Insecure default configurations

Many third-party dependencies like databases and web frameworks are insecure by default and require developers to tighten up security via custom configuration. For instance, older versions of MongoDB were accessible to the internet and required no authentication by default. This caused thousands of databases to be exposed to the public if the developer did not change default configurations.

Insecure default configurations like this example can cause many serious security issues if the developer is not aware of their consequences. As of this writing, MongoDB still does not require authentication by default. To see how you can set up authentication to your MongoDB database, read the MongoDB documentation (https://docs.mongodb.com/manual/tutorial/enable-authentication/).

Note that this list does not include all the possible security misconfigurations that can happen to an API; rather, it is an overview of the most common ones. I hope that this list will help you stamp out the most common security misconfigurations in your API systems and help you consider other potential security gaps in your API!

API #8: Injection

Injection is the underlying issue for a large number of vulnerabilities, such as SQL injection, OS command injection, and XML injection. Together, injections account for a huge percentage of vulnerabilities found in real-world applications and APIs.

How injections happen

In a single sentence, injection happens when an application cannot properly distinguish between untrusted user data and code.

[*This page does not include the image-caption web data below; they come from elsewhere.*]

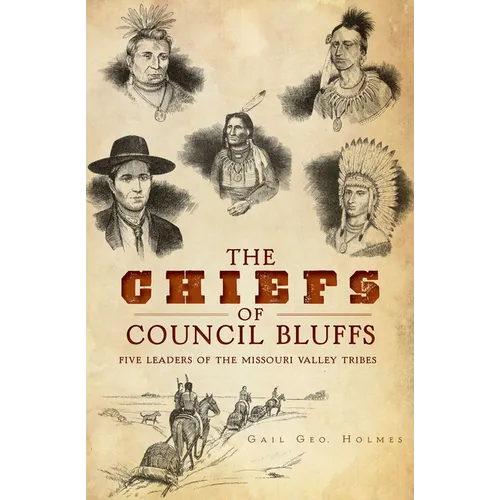 The Chiefs of Council Bluffs: Five Leaders of the Missouri Valley Tribes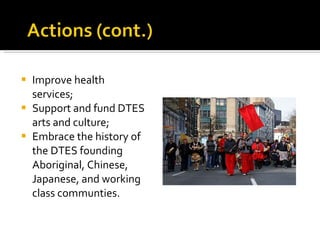 Improve health services;  Support and fund DTES arts and culture; Embrace the history of the DTES founding Aboriginal, Chinese, Japanese, and working class communties. 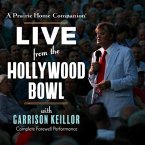 A Prairie Home Companion Lib/E: Live from the Hollywood Bowl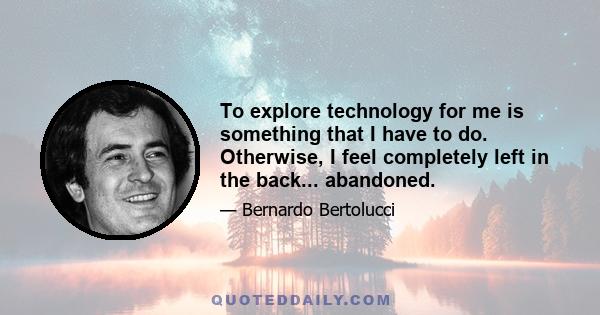 To explore technology for me is something that I have to do. Otherwise, I feel completely left in the back... abandoned.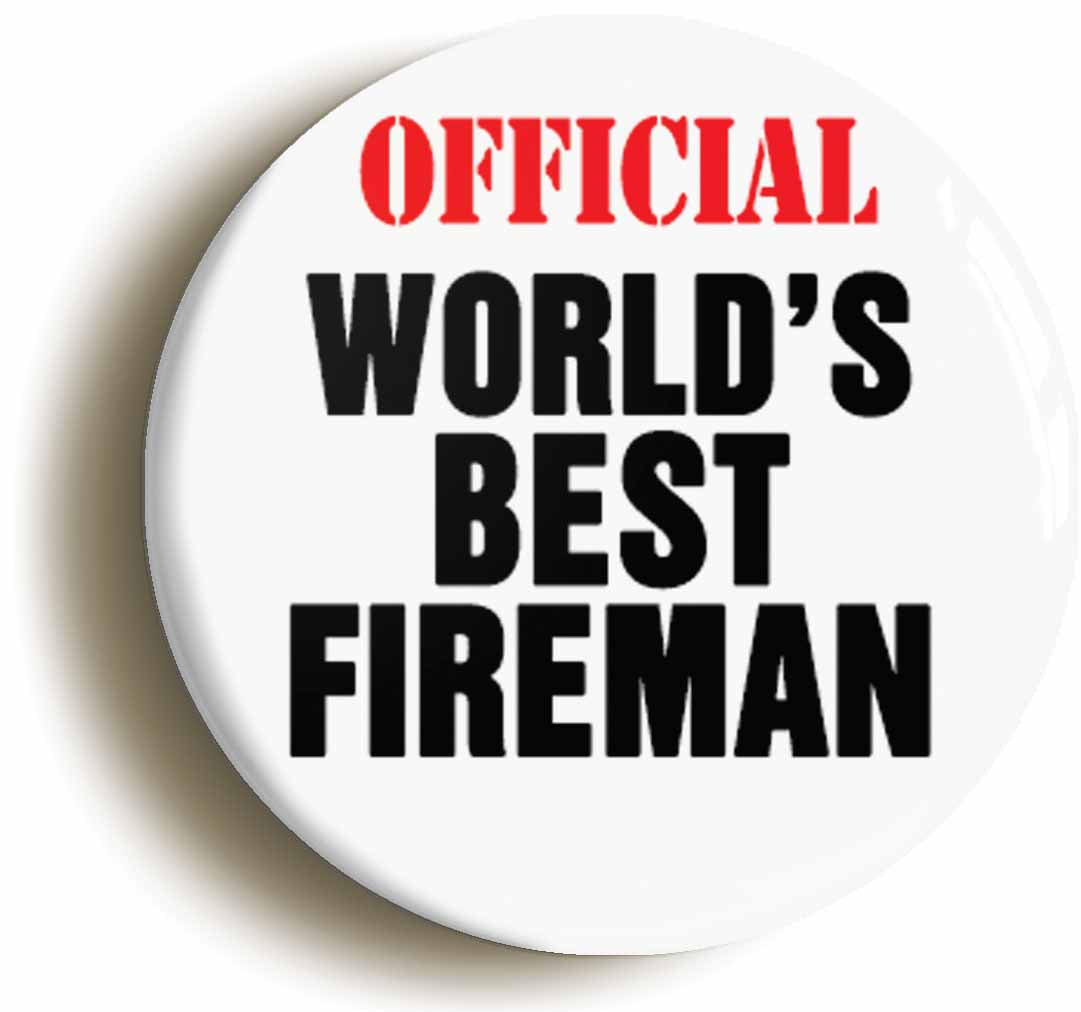 A picture of the front of the product, titled Official Worlds Best Fireman Funny Button Pin Badge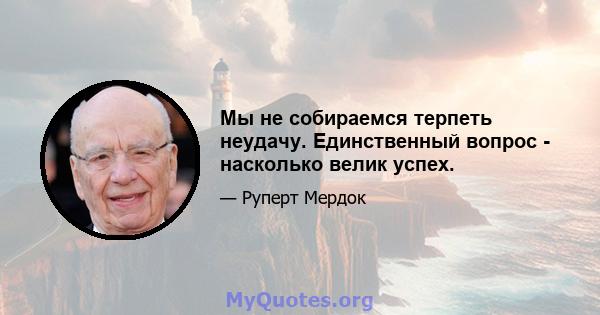 Мы не собираемся терпеть неудачу. Единственный вопрос - насколько велик успех.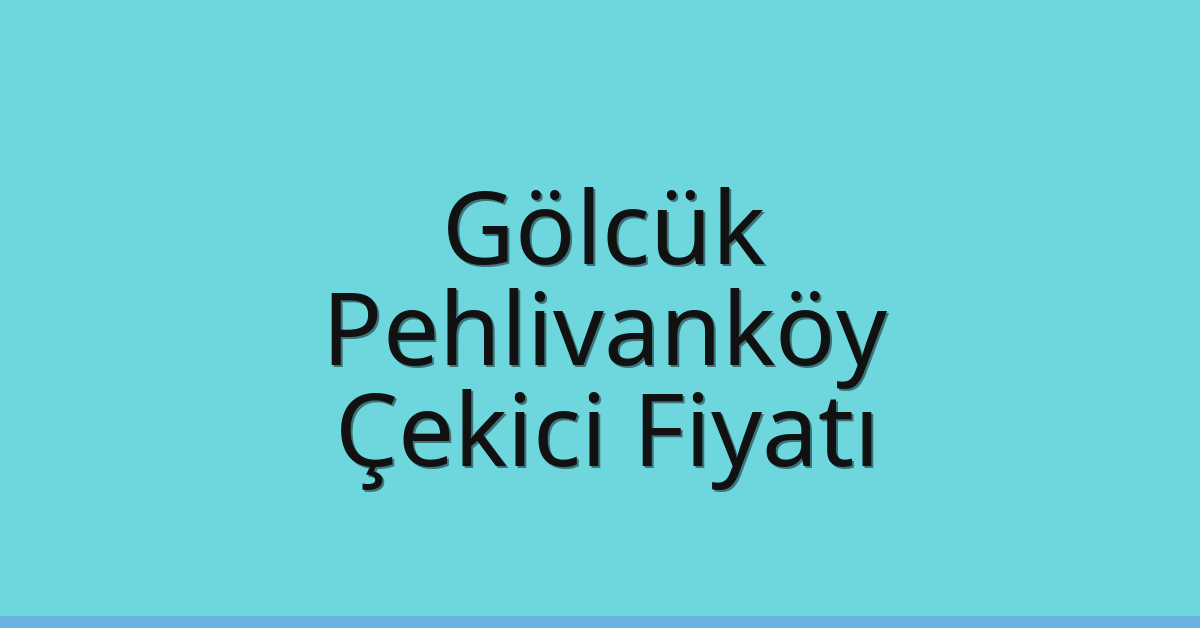 Gölcük Çekici Fiyatı – Pehlivanköy Oto Kurtarıcı Ücreti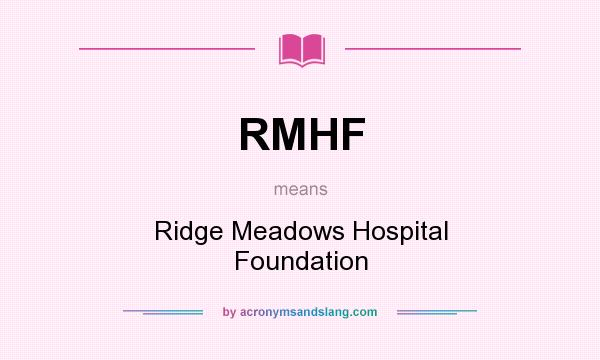 What does RMHF mean? It stands for Ridge Meadows Hospital Foundation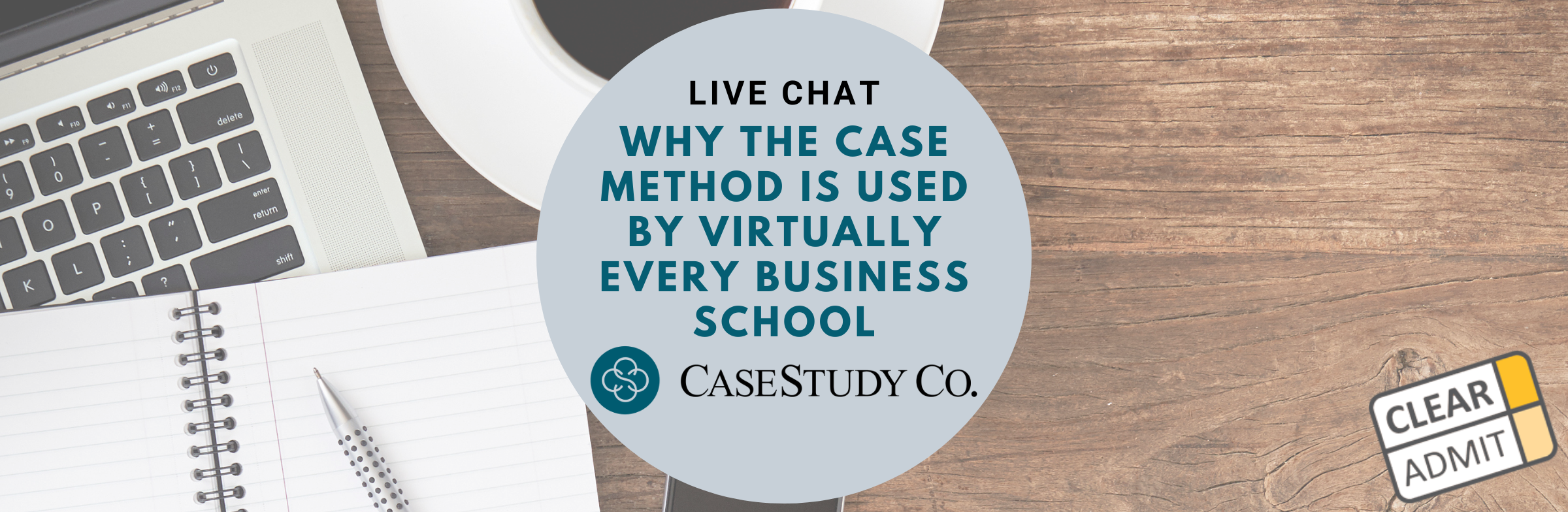 Image for Upcoming Live Chat: Why the Case Method is Used by Virtually Every Business School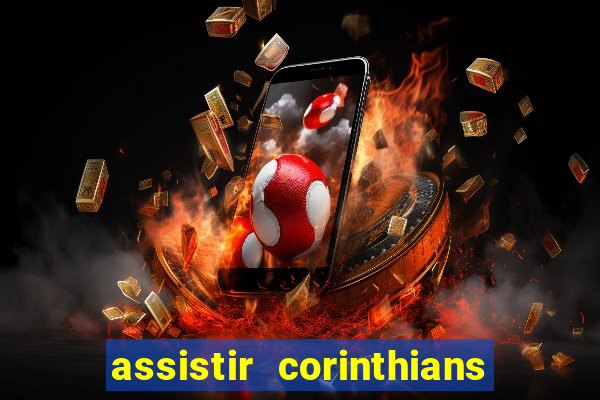 assistir corinthians x s o paulo futemax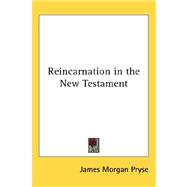 Reincarnation in the New Testament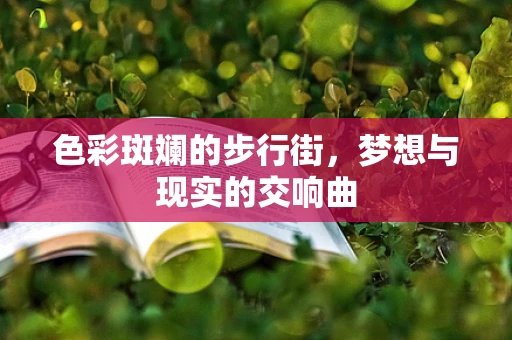 色彩斑斓的步行街，梦想与现实的交响曲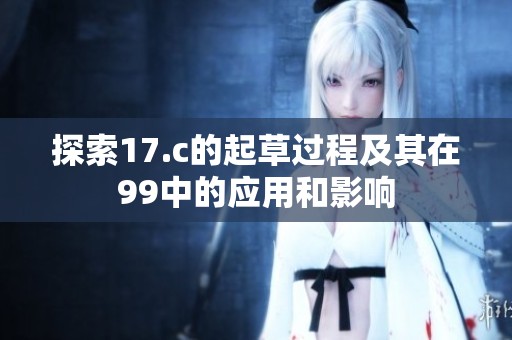 探索17.c的起草过程及其在99中的应用和影响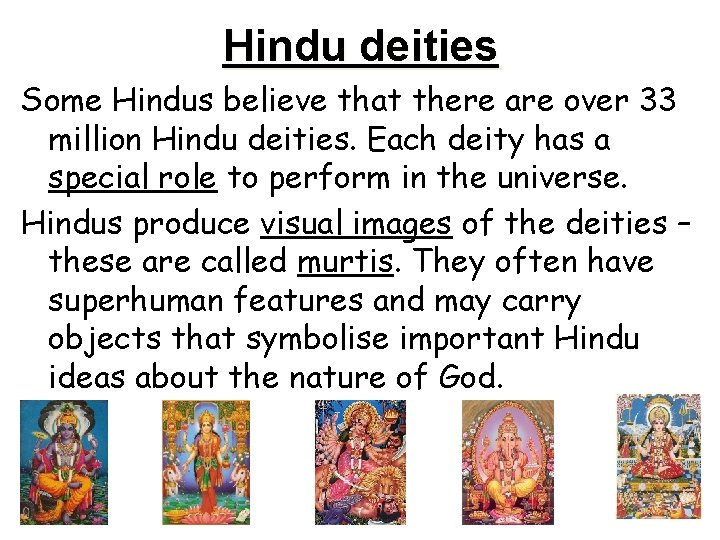 Hindu deities Some Hindus believe that there are over 33 million Hindu deities. Each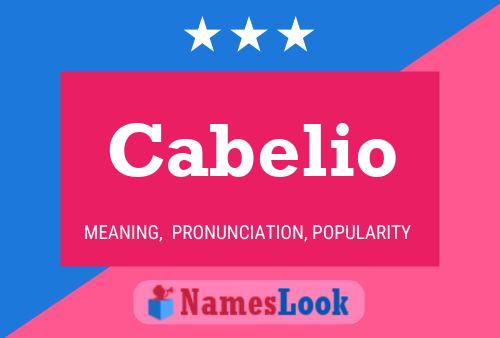 Cabelio Namensposter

Untrusted user data can be HTTP request parameters, HTTP headers, and cookies. They can also come from databases or stored files that can be modified by the user. If the application does not properly process the untrusted user data before inserting it into a command or query, the program’s interpreter will confuse the user input as a part of a command or a query. In this case, attackers can send data to an application in a way that will change the meaning of its commands.

In a SQL injection attack, for example, the attacker injects data to manipulate SQL commands. And in a command injection attack, the attacker injects data that manipulates the logic of OS system commands on the hosting server. Any program that combines user data with programming commands or code is potentially vulnerable.

Injection vulnerabilities can affect API systems as well because an API is just another way untrusted user input can enter an application. Let’s take a look at how injection vulnerabilities appear in an API.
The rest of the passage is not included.